▶ _Task objective_: Print out each entry below in full, exactly as given, excluding pictures.

Records contained in a dataset
-*-*-
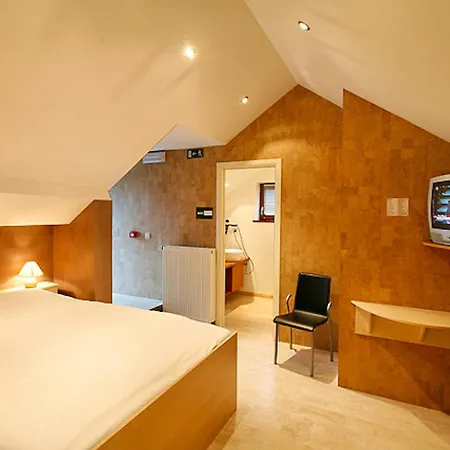 Family Retreat In A Setting In Дом отдыха Вэм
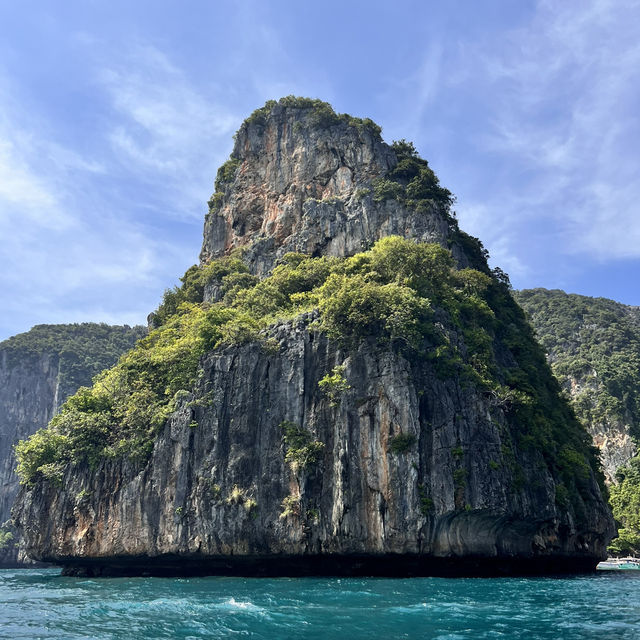 Острова ПхиПхи, Пхи-Пхи- ле, Майя Бэй Острова ПхиПхи, Пхи-Пхи- ле, Майя Бэй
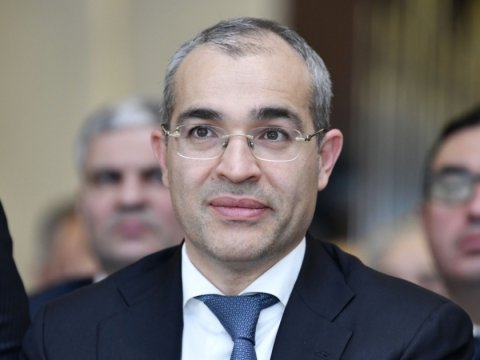 Mikayıl Cabbarovdan Prezidentə TƏBRİK
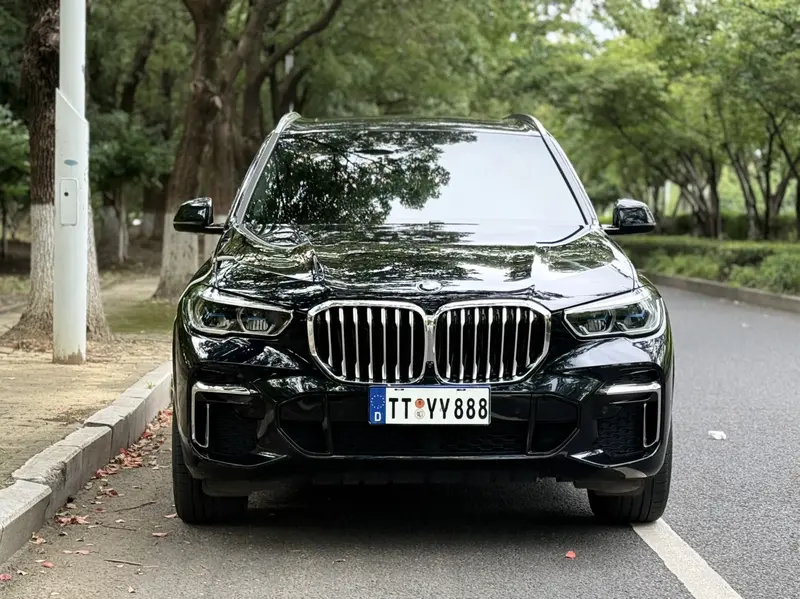 BMW X5 — фото 2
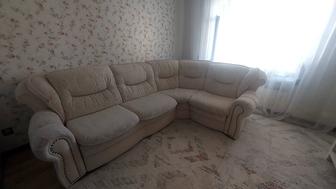 Продам угловой диван, в хорошем состоянии, чистый.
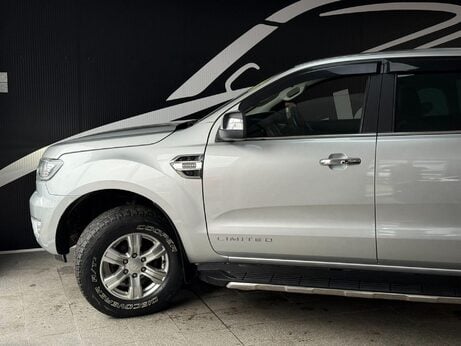 Ford Ranger 2.0 EcoBlue Limited Auto 4WD Euro 6 (s/s) 4dr 3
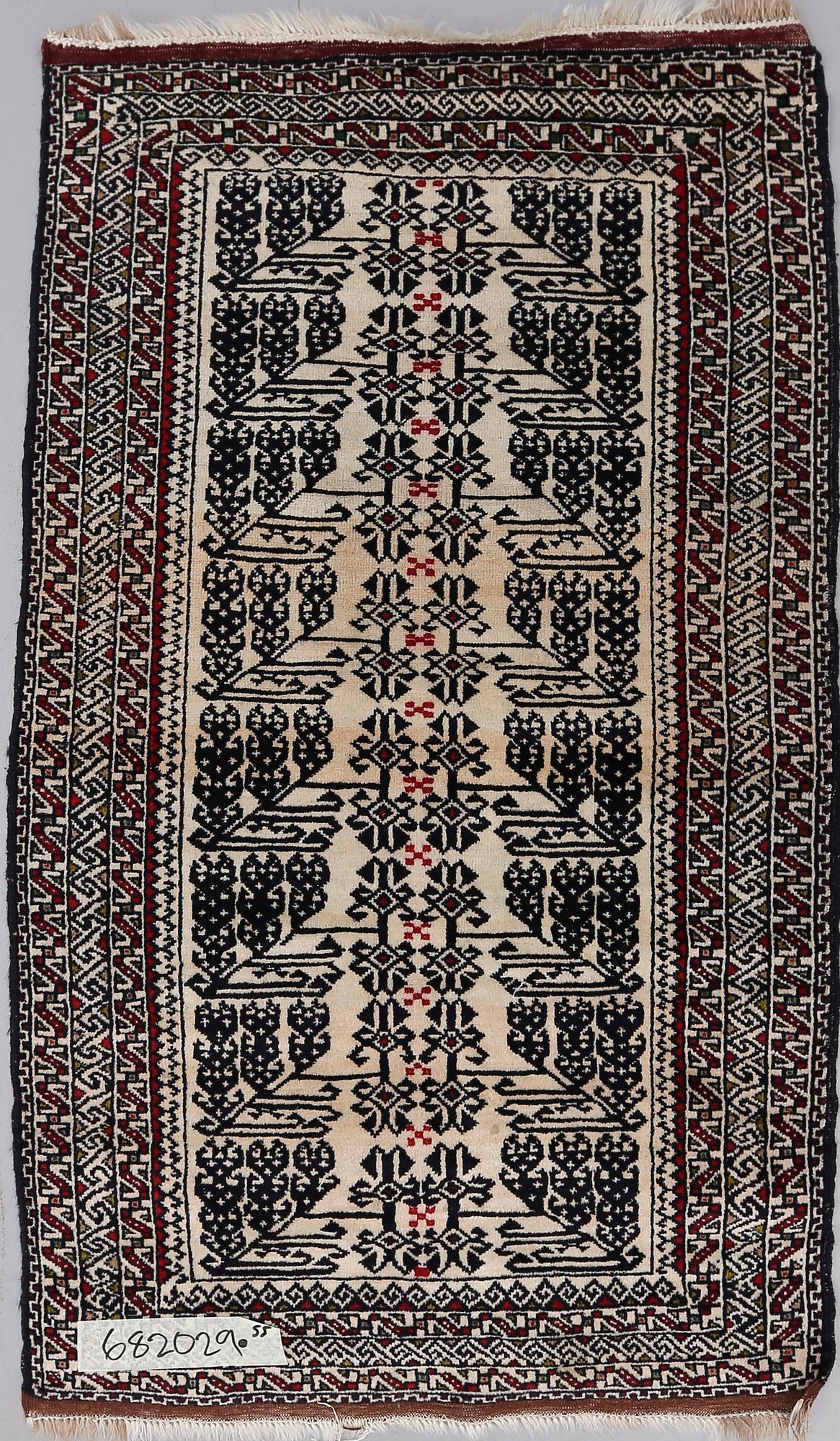 MATTA, orientalisk. Ca 130 x 80 cm.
-*-*-
▶ _Response for this exercise_:
 Family Retreat In A Setting In Дом отдыха Вэм
 Острова ПхиПхи, Пхи-Пхи- ле, Майя Бэй Острова ПхиПхи, Пхи-Пхи- ле, Майя Бэй
 Mikayıl Cabbarovdan Prezidentə TƏBRİK
 BMW X5 — фото 2
 Продам угловой диван, в хорошем состоянии, чистый.
 Ford Ranger 2.0 EcoBlue Limited Auto 4WD Euro 6 (s/s) 4dr 3
 MATTA, orientalisk. Ca 130 x 80 cm.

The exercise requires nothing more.